According to Page Six, the ceremony's only attendees will be close members of Diana's family — including Prince William and Prince Harry — the statue committee, the sculptor, and the garden designer. Now, it's been announced that William's wife Kate Middleton will not even be present for the ceremony. Read on to find out why a royal family source called this absence "telling on many levels."

Kate has been the 'peacemaker' between William and Harry

Over the last few months, Kate Middleton has been serving as a sort of mediator between her husband Prince William and his brother, Prince Harry. The brothers have been feuding during Harry's recent rift with his family, in which he fled to the United States and continually called them out on television. Prior to Prince Philip's funeral in April, the brothers had not seen each other in over a year. Page Six reported that Kate was set to act as a "peacemaker" between the two princes at the event to avoid any potential outbursts. Kate is suited for the role as she has a close relationship with her brother-in-law. According to Newsweek, Harry once called Kate "the big sister he never had." But without her there to make peace, could this be a recipe for disaster?

Some royal insiders think so. One source told Page Six, "Catherine's absence speaks volumes." They continued, "I think keeping the numbers down is a perfect 'excuse' for Catherine to stay away. William is fed up with the drama and Catherine doesn't need to be dragged into this. They are planning a private family visit with their children, and that private moment is far more important than the public rhetoric."

Kate is staying home so Harry won't feel 'outflanked'

Per The Telegraph, part of Kate Middleton's absence from the ceremony is out of respect for Prince Harry. According to the paper, there were concerns among royal aides that Harry may feel uncomfortable and "outflanked" if William and Kate were there together while he was on his own, as Meghan Markle is caring for their newborn daughter Lilibet. With Harry attending solo, though, royal insiders are hoping to reconnect with "the old Harry," referencing Meghan's own rift with the institution.

The royals are also upset about Prince Harry's narrative about the family, which he has continually spoken out about in recent months — including a claim that Kate once made Meghan cry and that William is "trapped" in the institution. "The question for [Prince William] is whether he is able to override the short term pain and damage to get back to the place he once was with his brother," a royal source told The Telegraph. "It's very difficult when the trust has basically gone."

Prince William and Prince Harry will have to put their differences aside

Without an informal mediator in place, Prince William and Prince Harry will have to navigate any interpersonal tension on their own. According to Page Six, the brothers "insisted" on giving separate speeches at the unveiling. Nonetheless, an inside source told Page Six that William is not looking to start anything. "William is determined that the Sussex drama does not overshadow this important moment of remembrance to his much-missed mother and is keeping that as his focus," they said.

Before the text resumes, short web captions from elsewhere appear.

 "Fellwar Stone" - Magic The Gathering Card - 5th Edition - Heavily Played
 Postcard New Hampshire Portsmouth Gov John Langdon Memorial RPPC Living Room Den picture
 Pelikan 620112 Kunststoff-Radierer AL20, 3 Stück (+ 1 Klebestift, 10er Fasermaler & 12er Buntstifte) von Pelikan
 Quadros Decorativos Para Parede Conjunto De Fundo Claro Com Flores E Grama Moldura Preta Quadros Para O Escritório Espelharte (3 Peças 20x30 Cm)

Another source echoed that sentiment to The Telegraph, saying, "Of course they will put on a brave face for the event, like they did at the Duke of Edinburgh's funeral. They both know it is not about them but remembering the late princess." But they did note that while the royal brothers will most likely put their differences aside to honor their mother, a full-blown resolution between them is almost certainly not going to happen. "But the idea that this can all be forgiven and forgotten ..." the source said, "it's going to take a lot longer than a couple of days."